Llanddwyn bay at Newborough - Our Favourite Beach on Falcondale Life blog. Llanddwyn bay at Newborough in Anglesey is a favourite beach for all the family with great swimming and scenery of beautiful forest and mountains around it. Digging in the sand at the beach.

We have very happy memories of going there as a family, sometimes with friends or relatives but usually just us. We have had a few completely perfect days there. It’s good for swimming, sandcastles, damning little streams, flying kites and playing games. The forest has tracks for walking and cycling too. Did you know that a little sea-bathing used to be prescribed for your health? I have spent maybe an hour at a time floating on a bodyboard in the warm waves here.

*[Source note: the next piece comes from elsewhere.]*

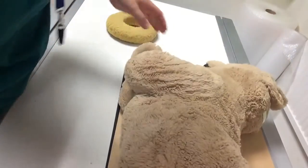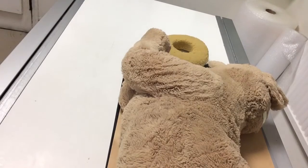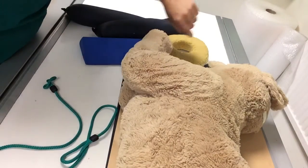Hi everyone. The light's on and it's going to stay on for this video because I just wanted to go through with you what to use for your equipment — because you're going to have sandbags, you're going to have wedgies, you're going to have ties, and you're going to have tape — and what should you do with these? Because this patient, he isn't big, he isn't heavy.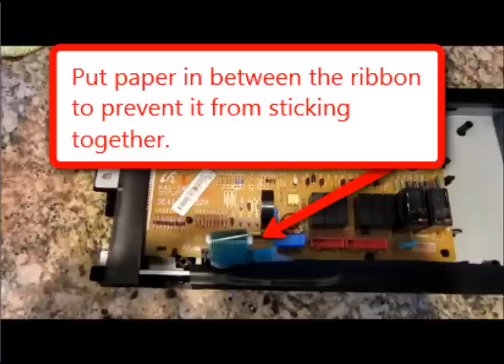I grabbed a small piece of printer paper, made sure it was at least as wide as the ribbon, folded it in half, and stuck it in there. After that I put the whole thing back together, and it's been now over six months and I haven't had the error yet.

I have to say it does great things for my skin!

Newborough – or Llanddwyn – is a very big sandy beach with lots of shallow water and gentle waves. Thanks to the gulf stream it is often really warm. The beach is backed by a big pine forest and sand dunes. The view of the Snowdonia coast with all the mountains is the icing on the cake.

Llanddwyn bay at Newborough - Our Favourite Beach on Falcondale Life blog. Llanddwyn bay at Newborough in Anglesey is a favourite beach for all the family with great swimming and scenery of beautiful forest and mountains around it. Trees at Newborough Forest.

Getting there

Find this beach by driving down a forest track (toll road), away from the hustle and bustle of any town. It is only a 30 minute drive from Caernavon on the mainland. In good weather at weekends or in the school holidays, it’s wise to get there before 11am as the car park fills up and the barrier will close.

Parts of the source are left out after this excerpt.